As 130 banks worldwide sign up to the UN’s new Principles for Responsible Banking, we take a look at what the reforms would mean – and which bank is already leading the way when it comes to keeping money green
This summer, in Brazil, wildfires were left to roar across the Amazon, while in the UK, Extinction Rebellion protested en masse but failed to see action on the climate emergency from Brexit-occupied politicians.
But there was some good news when the UN announced it had convinced bankers from across the world to commit to investing their money in a way that would have a more sustainable impact. On 22 September in New York, 130 banks signed up to the UN’s Principles for Responsible Banking. Between them, they are responsible for $47tn (£35.7tn) in assets.
A six-step plan
The six principles, finalised after a year of consultation led by 30 founding banks, offer a framework for how the world’s largest financial organisations can make a more positive contribution to society.
Aligned with the UN’s Sustainable Development Goals (SDGs) as well as the Paris Agreement, they ask banks to set targets that benefit both people and the planet, and to work with clients and customers to encourage sustainable practices. Signatories are required to provide updates on their progress – making these institutions more transparent and accountable to the environment than ever before – and can be removed if the UN doesn’t think they are taking the task seriously enough.
It’s a questionable, but potentially commendable commitment from an industry that has in the UK alone poured more than £150bn into fossil fuels since 2016, according to Dutch NGO BankTrack. Some notable names are missing from the list of signatories – HSBC, for example – and of the world’s 10 largest banks, just three have committed to the UN’s new principles.

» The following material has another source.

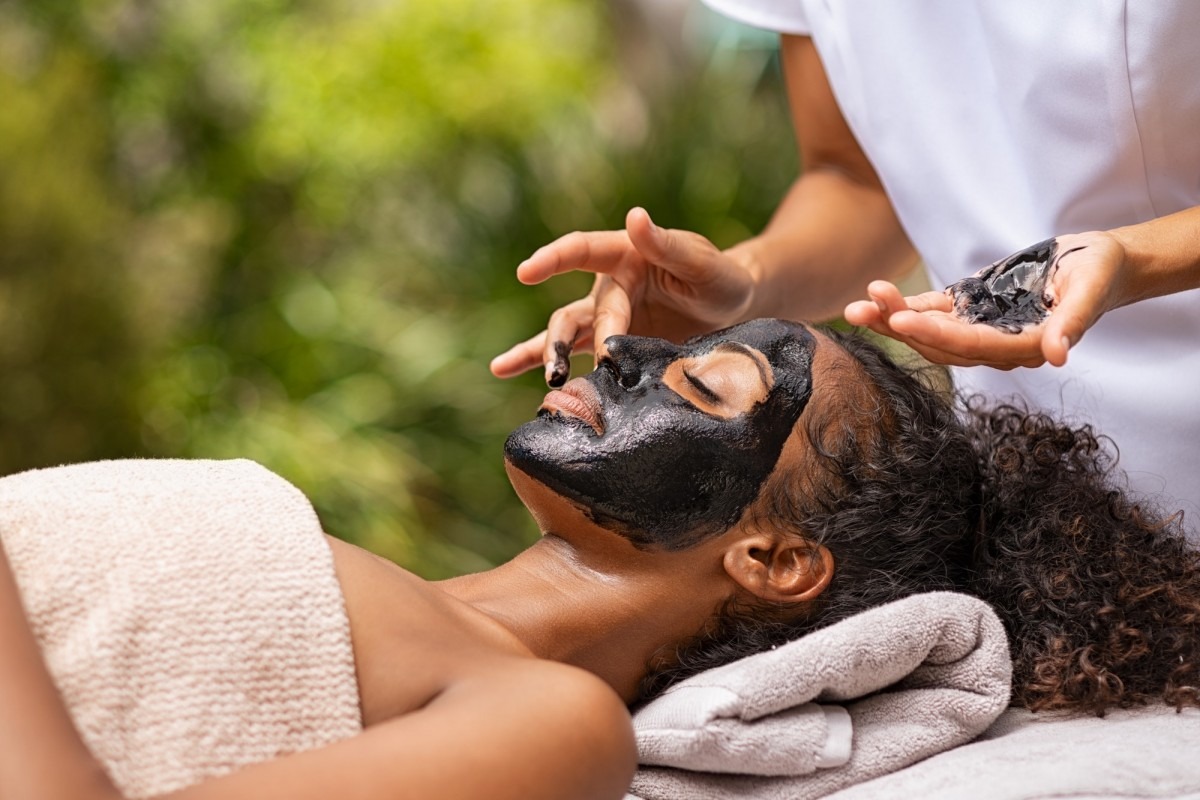 10 Step Korean Skin Care Routine - The Natural Way; Woman getting charcoal facial at beauty resort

Anything which might get banks to think in a different way is to be encouraged
Others have criticised the initiative as greenwashing – allowing banks to make appealing promises of change to come, rather than any immediate impact. The UN has given banks four years to tidy up their business models. It’s a long time for such an urgent problem.
“It’s up to the banks to self-police and implement the spirit of the rules,” Steven Pyne, an ethical investment expert and managing partner at financial advice firm Holden & Partners. “If you’re being cynical, you’d say they would sign up to something like this, because it puts them in a good light. But anything which might [get] them to think in a different way is to be encouraged. The problem with banks is always the lack of transparency and accountability – so if that’s going to be reviewed then that’s positive.”
Investing in a greener future
For consumers, the tricky part is deciding where best to invest money right now. It’s not easy knowing which banks are doing good and which are just giving the impression they are.
A recent report commissioned by Triodos Bank, which was founded in the 1980s and describes itself as “one of the world’s most sustainable banks”, showed that the UK’s biggest high street banks share little information on their customer-facing websites about what their sustainability goals actually are (not one mentions the SDGs, for example), making it difficult to understand exactly where customers’ money ends up.
Even when specific commitments are mentioned, they may not be presenting the whole picture. The research discovered that one bank which referenced its sustainability commitments repeatedly on its website had at the same time put £47bn towards financing fossil fuels in the past three years.
Who can you trust?
Fortunately for those who want their money to do good, the amount of choice when it comes to responsible investments is on the up. Companies such as Triodos are already leading the way when it comes to ethical banking, for example by considering the environmental and social impact of projects it lends to, as well as the financial return.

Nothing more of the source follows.